Les premières mitaines ont été conçues par les deux entrepreneurs et leur designer textile basés à Québec, l’asclépiade a été cultivée au Lac-Saint-Jean et le polyester est tissé à Saint-Jean-sur-Richelieu pour ensuite être assemblé en Beauce. Elles devraient être disponibles à la vente à la mi-novembre.
«Travailler avec des fournisseurs d’ici, ça peut vraiment faciliter la tâche. On est dans le même fuseau horaire, on parle la même langue et les références sont faciles à comprendre. La surprise qu’on a eu, c’est la différence entre la communication écrite et verbale. Parfois, c’est bien de détailler par écrit ce que l’on veut, d’autres fois, c’est bien d’appeler la personne et que tout se règle en 5-10 minutes», témoigne Philippe.
Un défi de fabrication a toutefois été rencontré puisque l’asclépiade est à la fois légère et volatile.

«Quand tu piges dans ton sac d’asclépiades, ça vole partout et ça fou un peu le bordel dans un atelier, reconnaît Gabriel. Il faut adapter la place où c’est fait et c’est à nous de le prévoir, en plus de payer pour ça. Quand la production à plus grande échelle a été lancée, notre fabricant de mitaines nous a dit que les employés étaient un peu tannés parce que ça rentre dans la face, bien que ce soit végétal.
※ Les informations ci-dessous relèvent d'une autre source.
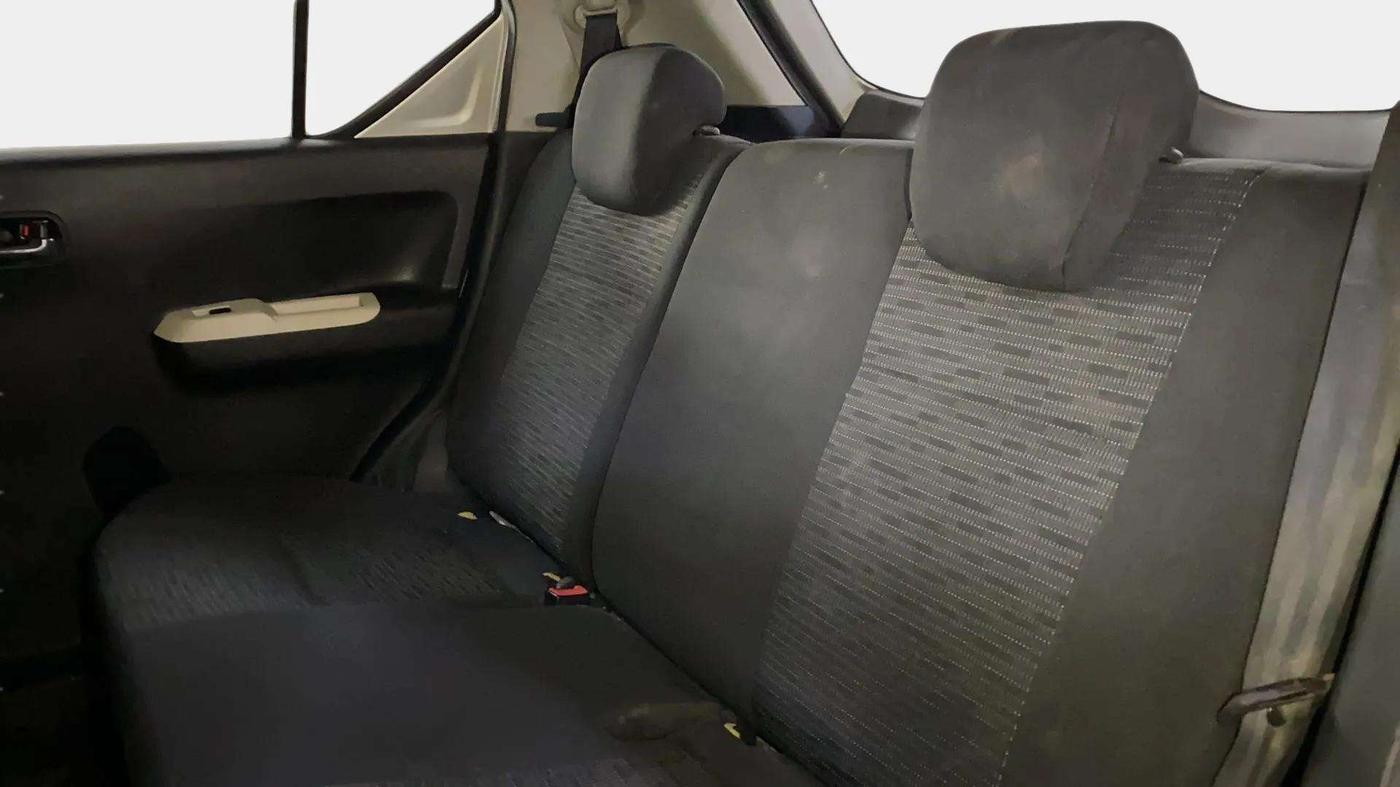 2018 Maruti IGNIS DELTA 1.2, Petrol, Manual, 71,687 km, Right Side Rear Door Cabin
On avait déjà parlé avec des cultivateurs qui ont le même problème lors de la manipulation quand ils la font sécher pour la mettre en sacs, par exemple. Ils utilisent des masques et des ventilateurs. En ayant parlé avec les acteurs du milieu, on est capable d’utiliser leur expertise. Beaucoup d’entrepreneurs sous-estiment la nécessité de collaborer avec ses fournisseurs.»
À la fin de la saison, les cofondateurs pourront faire un premier bilan de leur expérience, puis ils pourront penser à la suite, notamment à d’autres accessoires hivernaux et à une distribution en magasins.